--- START ---

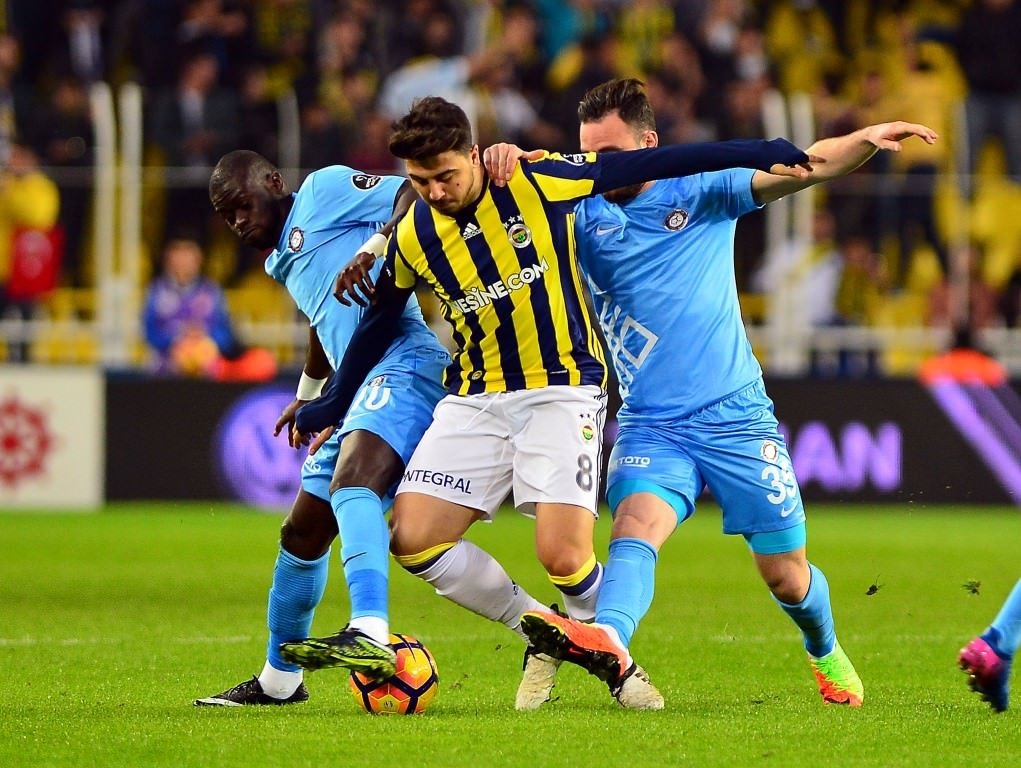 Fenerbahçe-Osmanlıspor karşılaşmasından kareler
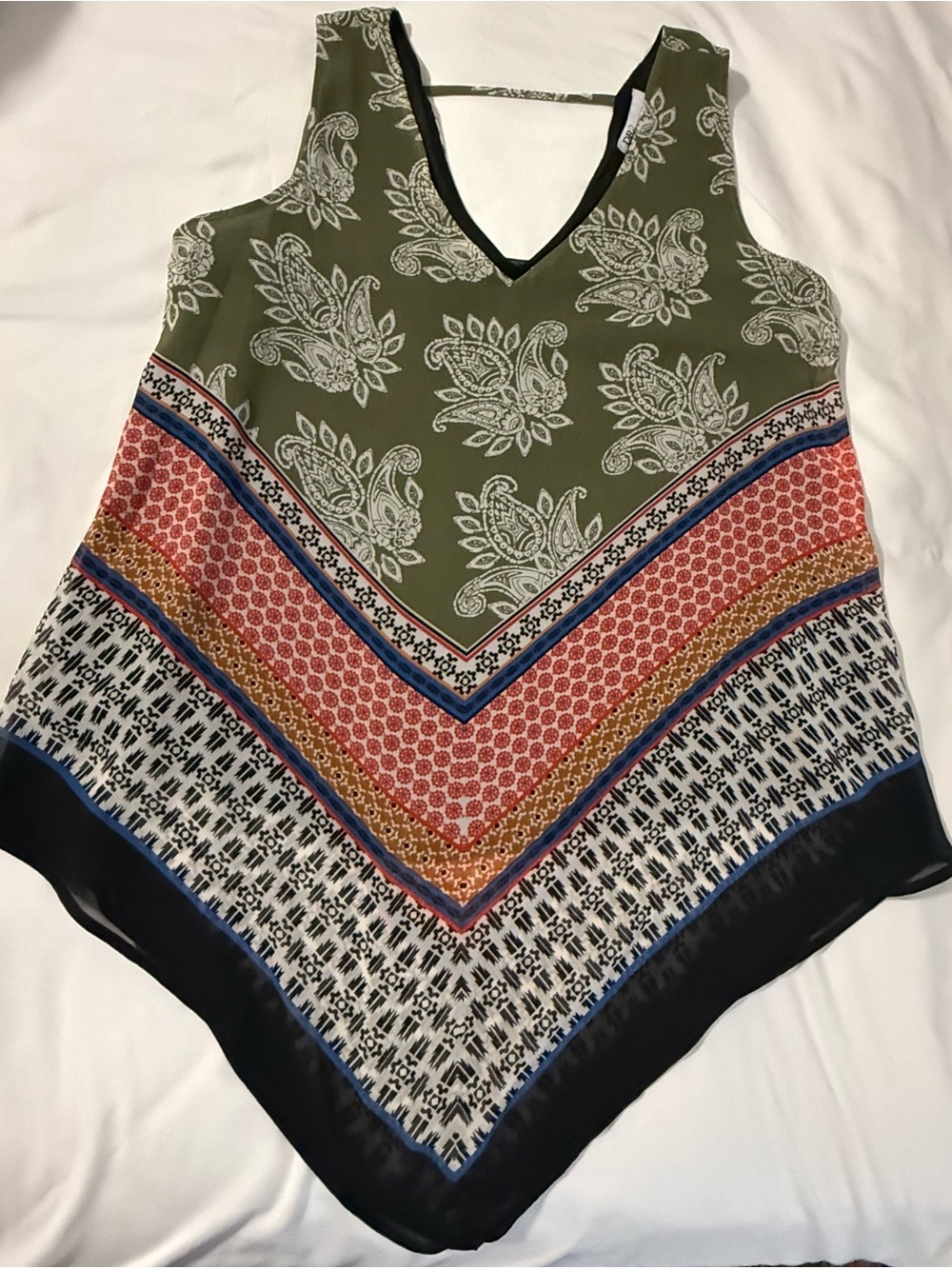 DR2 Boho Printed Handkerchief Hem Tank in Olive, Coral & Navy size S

--- END ---
--- START ---

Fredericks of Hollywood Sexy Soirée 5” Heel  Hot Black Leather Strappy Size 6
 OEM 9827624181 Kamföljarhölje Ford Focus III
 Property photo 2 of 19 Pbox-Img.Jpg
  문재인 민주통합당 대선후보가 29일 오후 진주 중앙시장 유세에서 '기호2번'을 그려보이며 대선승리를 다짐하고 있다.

--- END ---

**Exercise description**
Beginning at the line above that contains "OEM 9827624181 Kamföljarhölje Ford Focus III", return each line exactly through the line that contains "문재인 민주통합당 대선후보가", and no others.

**Answer to the exercise**
 OEM 9827624181 Kamföljarhölje Ford Focus III
 Property photo 2 of 19 Pbox-Img.Jpg
  문재인 민주통합당 대선후보가 29일 오후 진주 중앙시장 유세에서 '기호2번'을 그려보이며 대선승리를 다짐하고 있다.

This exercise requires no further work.